The hype of positive expectations, fuelled additionally by the establishment of technocratic government of Mario Monti in Italy, soon gave way to concerns about Greek public finance sustainability. Indeed, as time passed, no progress was detectable as regards either components of the government’s mandate. Oblivious of the limitations imposed on the interim government, Western press lamented on the misfortune of the talented PM whose attempts to implement reforms, so the press said, were blocked.
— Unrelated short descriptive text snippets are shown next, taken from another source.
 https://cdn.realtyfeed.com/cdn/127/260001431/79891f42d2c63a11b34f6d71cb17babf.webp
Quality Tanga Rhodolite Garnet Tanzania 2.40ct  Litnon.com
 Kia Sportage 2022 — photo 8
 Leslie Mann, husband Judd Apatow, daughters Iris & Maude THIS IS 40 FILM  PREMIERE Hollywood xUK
The alleged social resistance and alleged stubborn and short-sighted stance of main political parties to the reform process were identified as the main culprits. Overall, the Greeks were portrayed (undeservingly) as unable and/or unwilling to reform their country. That hardly any constructive discussions on the reform process had taken place up to February 2012 could be attributed to the fact that the discourse on reforming Greece did not entail any viable proposals as to how to address the weaknesses of the Greek economy. The rather illusory talk of reforms notwithstanding, the most important developments that weigh heavily on Greece’s current irreconcilable dilemma of bailout or default were defined during negotiations involving the Institute of International Finance (IIF), the Greek government and the Troika.
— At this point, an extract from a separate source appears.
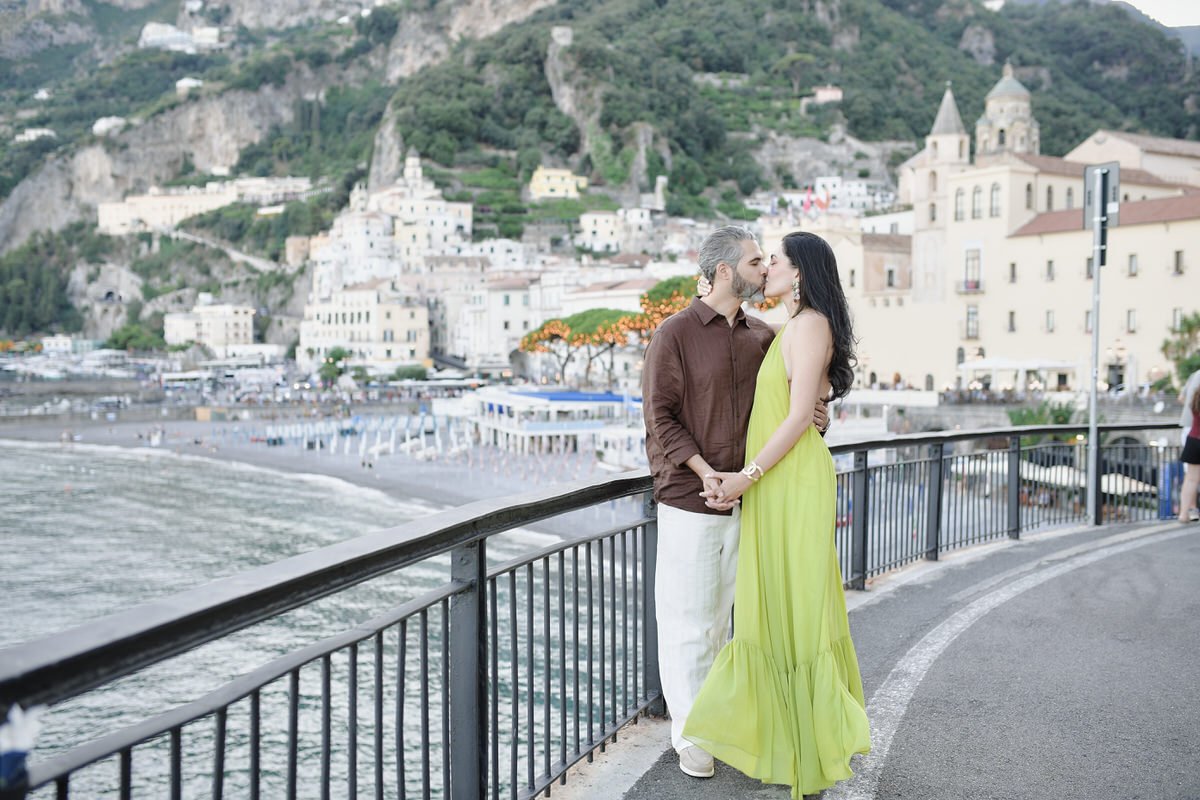 Mehdi and Diane surprise proposal in Amalfi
Clearly, questions of the value of the voluntary bond exchange programme, of debt sustainability, and of the necessary fiscal adjustment in Greece converge. Considerable delay in negotiating terms of the agreement with private creditors was observed in January 2012. Three contentious issues that could be linked to that delay included: the law selection clause, i.e. British versus Greek law, the latter favouring the debtor; interest rates (from the initial 5.2% the IIF agreed to 3.7%), grace period, and maturity; and terms and conditions behind the re-capitalisation scheme of the Greek domestic banks affected by the bond exchange programme (most recent information suggests that the state will re-capitalise respective banks by purchasing ordinary shares with limited voting rights, thus preserving entrepreneurial independence of banks).
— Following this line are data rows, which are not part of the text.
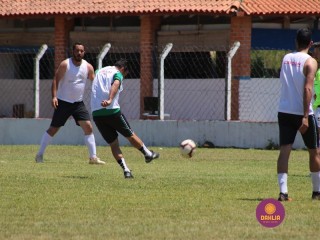 
<a style='margin-left: 5px;' class='btn btn-xs btn-social btn-facebook' href='https://www.facebook.com/sharer/sharer.php?u=https://www.boladovale.com.br/imgs/800-800-90/conteudo/fotos/1369/img0833.jpg' rel='popup' data-width='500' data-height='400'><i class='fa fa-facebook'></i>Compartilhar <span class='hidden-xs'>no Facebook</span>
</a> 
<a class='btn btn-default btn-xs' target='_blank' href='imgs/800-800-90/conteudo/fotos/1369/img0833.jpg'>
<span class='glyphicon glyphicon-cloud-download'></span> Salvar
</a> 
<span></span>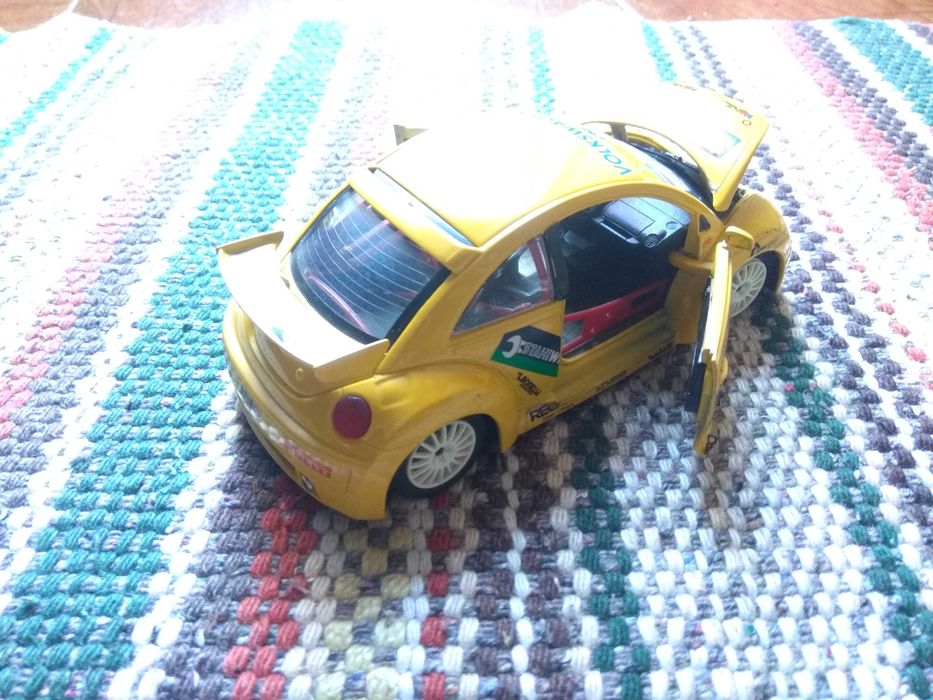 Volkswagen New Beetle Cup #2 | Bburago 1:24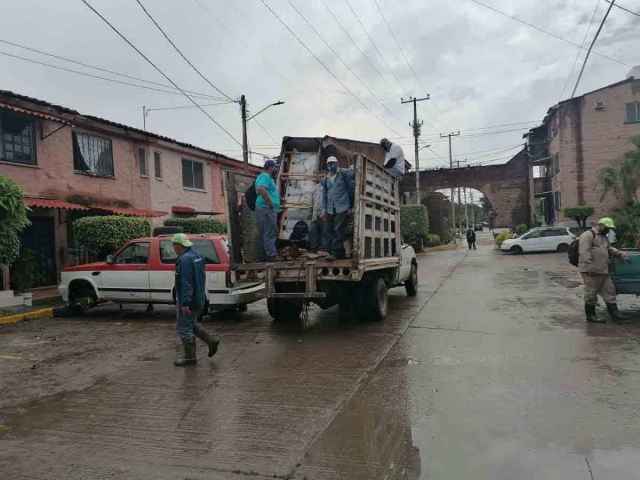 Varias familias resultaron con pérdidas materiales por las inundaciones.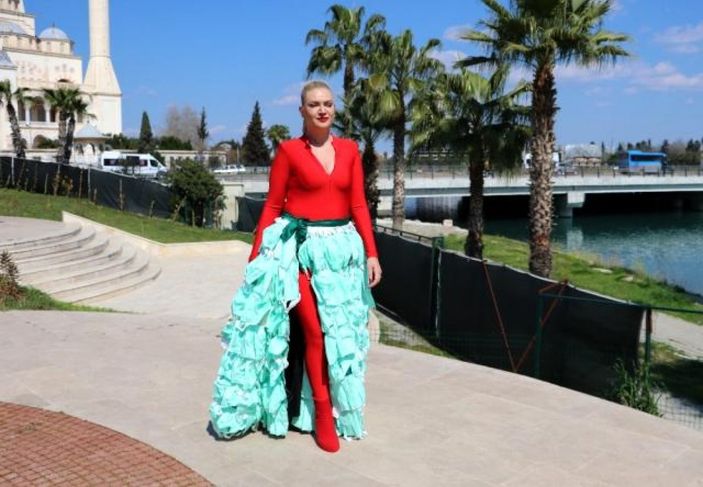 Doğa Bekleriz'in maskeli elbisesi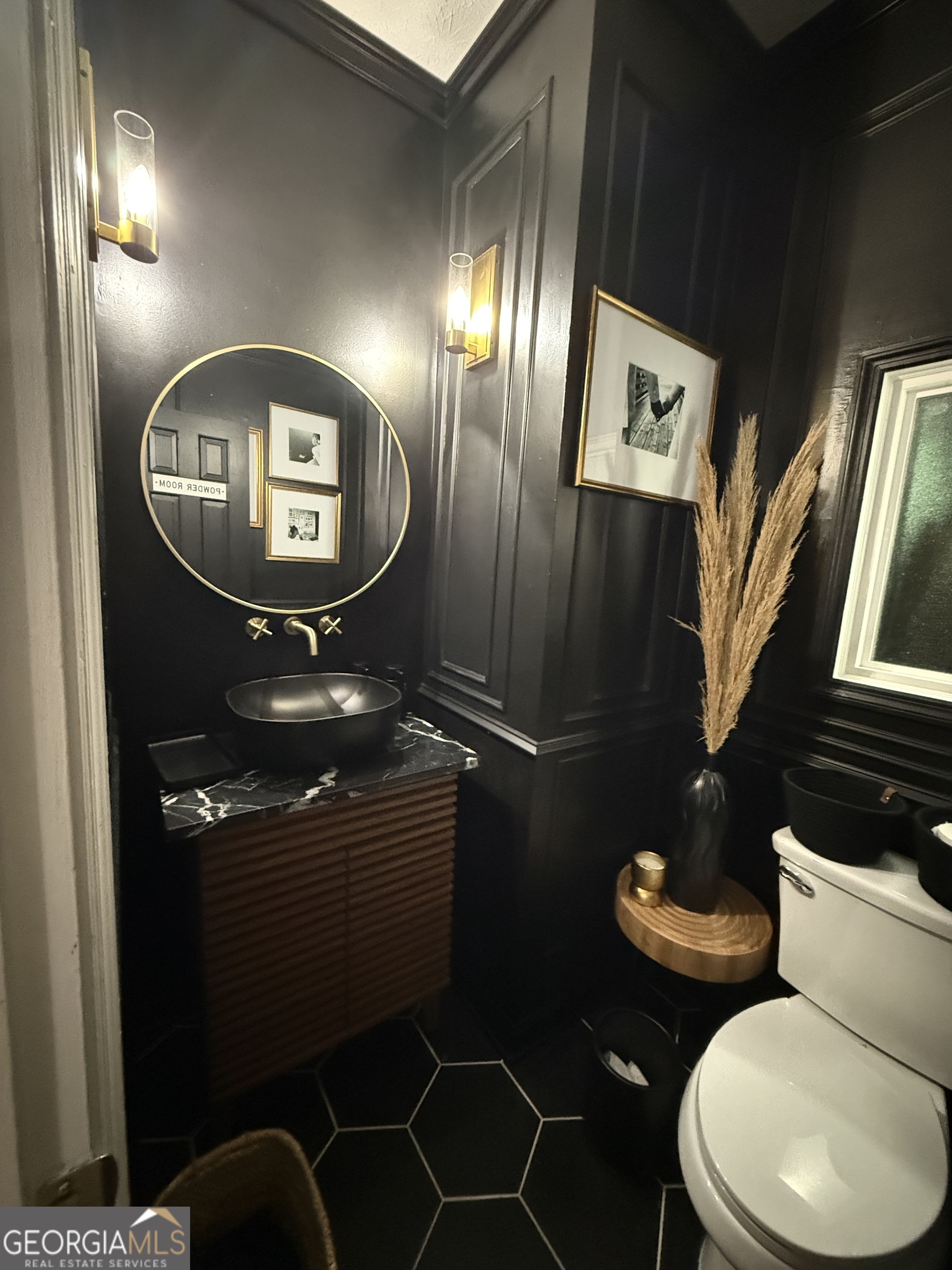 Beverly Manor - Residential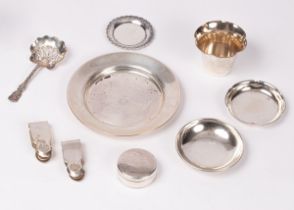 A small quantity of sterling silver including circular dish, trinket box, etc.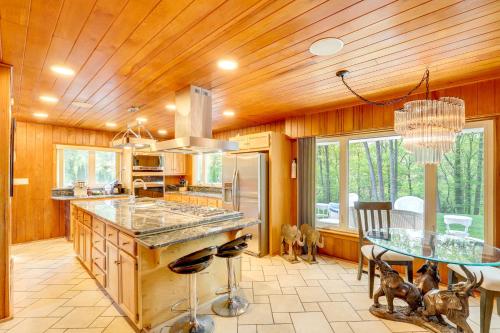 Gallery image of Inviting Waynesville Home Near Main St Shops in Waynesville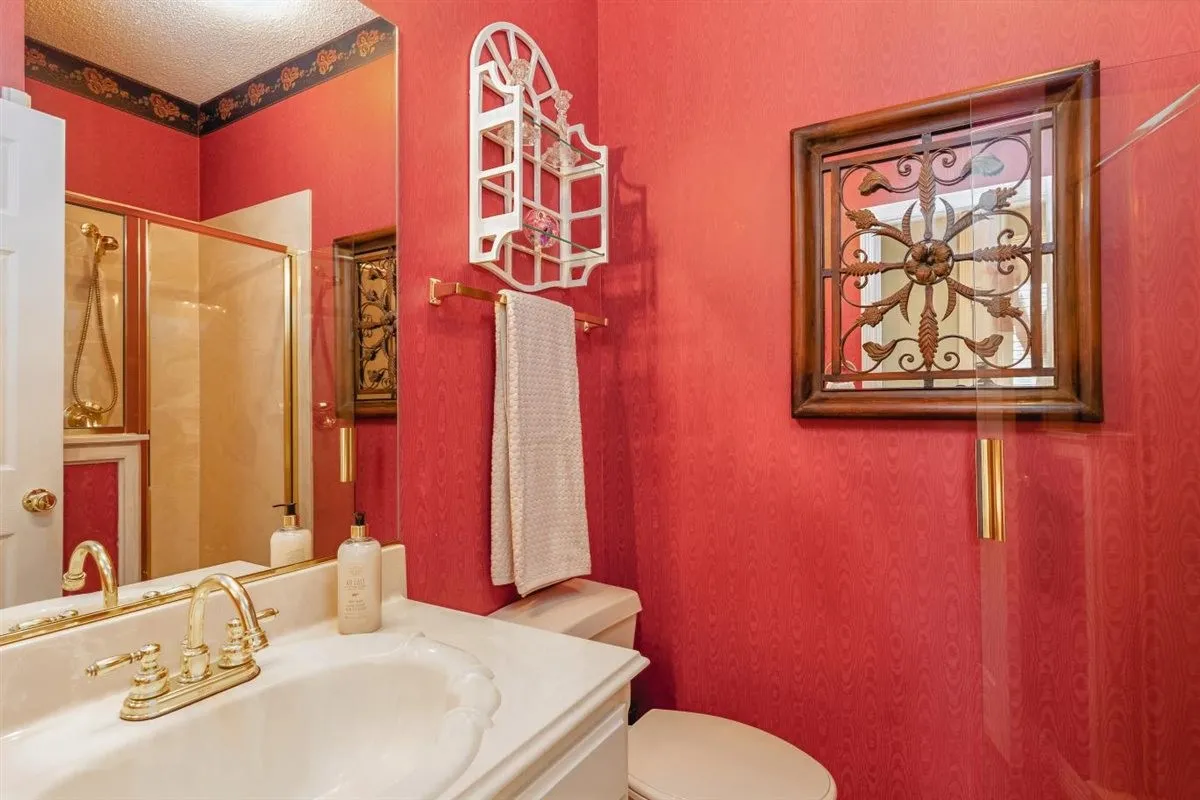 Single Family Residence For Sale in Tarrant County , 301 W Mill Valley Drive, Colleyville, Texas 76034, 4 Bedroom, 3 Bathroom, 2 Garage spaces, 3,282 Sqft, built in 1994, mls#21354897, Real Estate Agent in Colleyville, Homes For Sale in Tarrant county, Homes For Sale in Colleyville, Realtor in Colleyville Texas, Real Estate Brokerage Independent Realty Texas, Luminita Cordes Realtor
Amidst suggestions that a 50% voluntary agreement with bondholders may not suffice to ensure Greek debt sustainability, by the end of January significant progress in negotiations on debt reduction was marked. Consequently, discussions on specifications of the second EU/IMF financial assistance programme (€130 billion) have become feasible by the end of January 2012.

By being explicit on the nine prerequisites, whereby wage reduction is the major component thereof, the Troika suggests internal devaluation, i.e. reduced labour cost is expected to enhance Greece’s competitiveness, and thus trigger growth. Even if this strategy could have worked elsewhere, it will not work in Greece. First, it is based on the incorrect assumption that efficiency of both private and public sector in Greece is the same, and thus that reductions in wages in the public sector (implemented as of November 2011) have to be matched with reductions in the private sector.

Second, the strategy of de facto internal devaluation assumes that once competitiveness is restored, Greece’s export will revive and thus the economy will recover. The problem with this assumption is that the value-added of industry as a % of GDP has fallen to 17% in 2011, whereby services make 79% of a corresponding value. As the services’ sector in Greece is driven largely by domestic demand, wage reductions will lead to further decline in consumption, no investment and even deeper recession.

What the Greek economy needs is a generous reduction of employment in the inefficient and overgrown public sector (currently 750,000 in general government plus 250,000 in state-owned enterprises) followed by privatisation (understood primarily as quintessential component of the restructuring of the economy, rather than quick revenue generator), and reduction in taxation (corporate, property, non-salary cost of employment). Only in this way the private sector will be given some space to breath, to absorb the unemployed, to start producing, to induce consumption, and to spur growth."